AI Office Hours – Why Coding and Evaluation Matters

Finally, we must consider that the usefulness of an AI office hour agent depends largely on how it is coded. For example, if the algorithm behind the agent uses data from across the web, including social media where misinformation is a common issue, the AI could become not only unhelpful but even counterproductive to its educational purpose, especially in sectors like public health (Meyrowitsch et al., 2023). 

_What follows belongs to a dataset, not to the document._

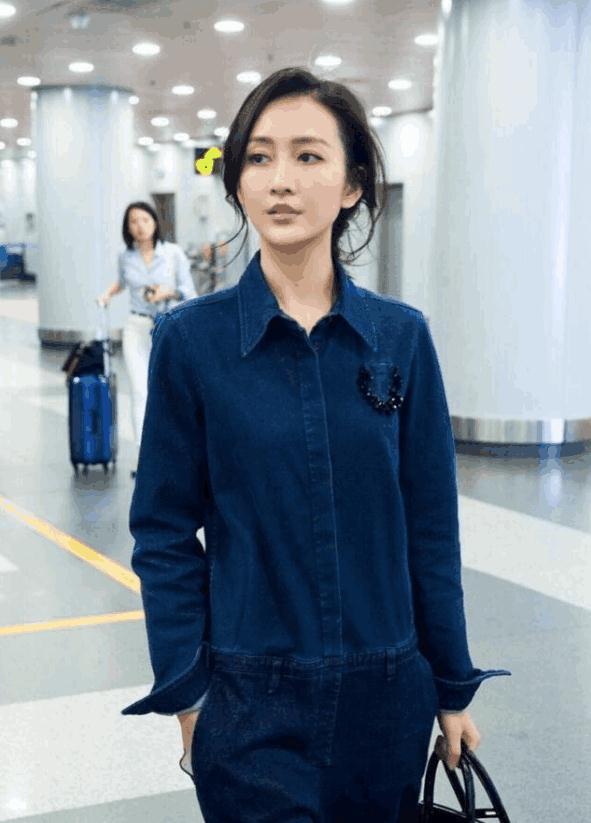 王鸥一身牛仔连体裤美出新高度!网友： 我就好奇她上厕所怎么办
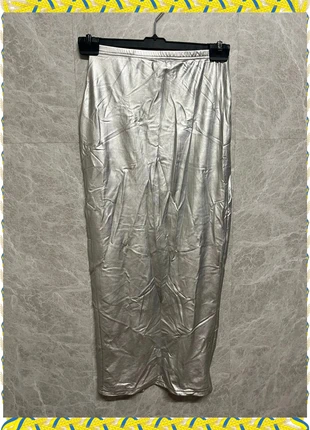 Falda plateada midi de licra con raja trasera – Shein Talla S, brand: Shein, condizioni: Ottime, taglia: S / IT 40 / EU 36, €4.00, €4.90 include la Protezione acquisti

On another note, Yan et al demonstrate several practical challenges that we may need to address for LLM-based innovations to have educational benefits. The article states that, to demonstrate a higher level of readiness for AI to be integrated into academia, it would require more in-the-wild studies outside of testing in laboratory settings (Yan et al., 2023). The way that an AI is coded also raises questions of transparency (meaning, how aware its stakeholders are of the development of the AI) (Yan et al., 2023). For this reason, one proposal is that stakeholders, including educators and students, should become more involved in the developmental process (Yan et al., 2023). This would allow for more human-in-the-loop elements, which would help address practical and ethical issues that may arise. 

Conclusion

In conclusion, much of our understanding of AI and its integration into the academic sphere as an office hour agent would require more research, as well as a greater consideration for many of the ethical issues that it raises. While an AI office hour agent has many benefits, which could make academia more accessible and available for those who do not currently have the tools that allow for easy access to education, we must also consider many of its drawbacks. Furthermore, it should also be acknowledged that it is important for AI to serve only as an alternative to office hours, for reasons of accessibility and mental health, rather than a solution or a direct replacement for a professor’s office hours. We continue to stress the importance of a human connection that exists beyond AI chatbots, and an AI that is used for social interactions should not be used to the extent that one becomes dependent on it. After all, AI is a tool, not a companion. And while it has its benefits that could shape the way we live for the better, we must also consider its ethical concerns before integrating it into our society.